▶ **What is required**
Below are the records; give again exactly the line with "una mujer hablando", the line with "Ambiente interno de", and each line that lies between them, and nothing besides.
START Data for this exercise
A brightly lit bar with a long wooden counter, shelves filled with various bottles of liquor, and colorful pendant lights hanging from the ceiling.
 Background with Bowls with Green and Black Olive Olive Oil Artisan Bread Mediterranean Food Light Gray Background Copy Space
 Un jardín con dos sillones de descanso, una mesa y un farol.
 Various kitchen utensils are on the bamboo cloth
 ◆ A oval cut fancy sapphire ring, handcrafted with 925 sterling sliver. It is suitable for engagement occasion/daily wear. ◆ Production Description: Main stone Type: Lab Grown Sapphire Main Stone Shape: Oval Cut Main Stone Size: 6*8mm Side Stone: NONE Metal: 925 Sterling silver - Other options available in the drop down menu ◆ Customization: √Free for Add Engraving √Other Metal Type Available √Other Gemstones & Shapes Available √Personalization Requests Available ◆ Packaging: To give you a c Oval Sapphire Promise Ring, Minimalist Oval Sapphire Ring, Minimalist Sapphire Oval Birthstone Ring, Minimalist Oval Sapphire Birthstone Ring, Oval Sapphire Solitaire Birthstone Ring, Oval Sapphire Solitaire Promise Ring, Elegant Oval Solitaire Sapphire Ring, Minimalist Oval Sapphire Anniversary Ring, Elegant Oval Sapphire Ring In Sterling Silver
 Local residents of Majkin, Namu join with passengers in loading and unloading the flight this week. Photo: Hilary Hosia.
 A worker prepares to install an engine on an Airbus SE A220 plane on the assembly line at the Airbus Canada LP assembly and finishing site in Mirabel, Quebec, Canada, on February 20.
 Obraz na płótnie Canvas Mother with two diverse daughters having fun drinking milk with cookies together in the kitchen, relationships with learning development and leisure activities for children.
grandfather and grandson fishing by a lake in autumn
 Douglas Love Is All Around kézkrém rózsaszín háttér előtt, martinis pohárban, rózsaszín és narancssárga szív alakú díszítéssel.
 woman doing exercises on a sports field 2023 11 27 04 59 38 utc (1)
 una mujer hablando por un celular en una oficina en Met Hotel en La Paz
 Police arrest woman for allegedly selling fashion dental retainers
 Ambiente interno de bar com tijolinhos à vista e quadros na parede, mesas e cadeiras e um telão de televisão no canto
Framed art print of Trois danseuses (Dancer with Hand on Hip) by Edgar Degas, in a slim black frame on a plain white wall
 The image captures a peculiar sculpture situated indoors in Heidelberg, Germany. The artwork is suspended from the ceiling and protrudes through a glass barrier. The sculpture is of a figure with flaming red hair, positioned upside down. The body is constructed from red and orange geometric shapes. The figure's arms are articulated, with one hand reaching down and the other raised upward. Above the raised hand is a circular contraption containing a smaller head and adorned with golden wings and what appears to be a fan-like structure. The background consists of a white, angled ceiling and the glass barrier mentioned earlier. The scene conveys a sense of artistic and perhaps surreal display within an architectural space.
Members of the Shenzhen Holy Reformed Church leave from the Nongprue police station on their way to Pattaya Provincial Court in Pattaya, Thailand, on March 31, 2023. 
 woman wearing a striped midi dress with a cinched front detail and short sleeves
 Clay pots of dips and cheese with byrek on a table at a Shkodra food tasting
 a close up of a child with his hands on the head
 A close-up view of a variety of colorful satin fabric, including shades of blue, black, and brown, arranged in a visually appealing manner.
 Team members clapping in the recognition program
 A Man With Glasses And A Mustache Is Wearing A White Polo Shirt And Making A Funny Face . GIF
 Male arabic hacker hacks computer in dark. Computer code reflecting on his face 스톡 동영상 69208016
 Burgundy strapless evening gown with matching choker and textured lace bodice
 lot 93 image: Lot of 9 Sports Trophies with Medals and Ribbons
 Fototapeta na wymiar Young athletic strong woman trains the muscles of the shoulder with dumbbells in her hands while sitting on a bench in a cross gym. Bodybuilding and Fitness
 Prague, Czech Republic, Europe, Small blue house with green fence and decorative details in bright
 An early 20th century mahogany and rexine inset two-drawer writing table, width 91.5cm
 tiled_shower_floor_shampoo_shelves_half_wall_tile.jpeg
END Data for this exercise
▶ **Completed task**
 una mujer hablando por un celular en una oficina en Met Hotel en La Paz
 Police arrest woman for allegedly selling fashion dental retainers
 Ambiente interno de bar com tijolinhos à vista e quadros na parede, mesas e cadeiras e um telão de televisão no canto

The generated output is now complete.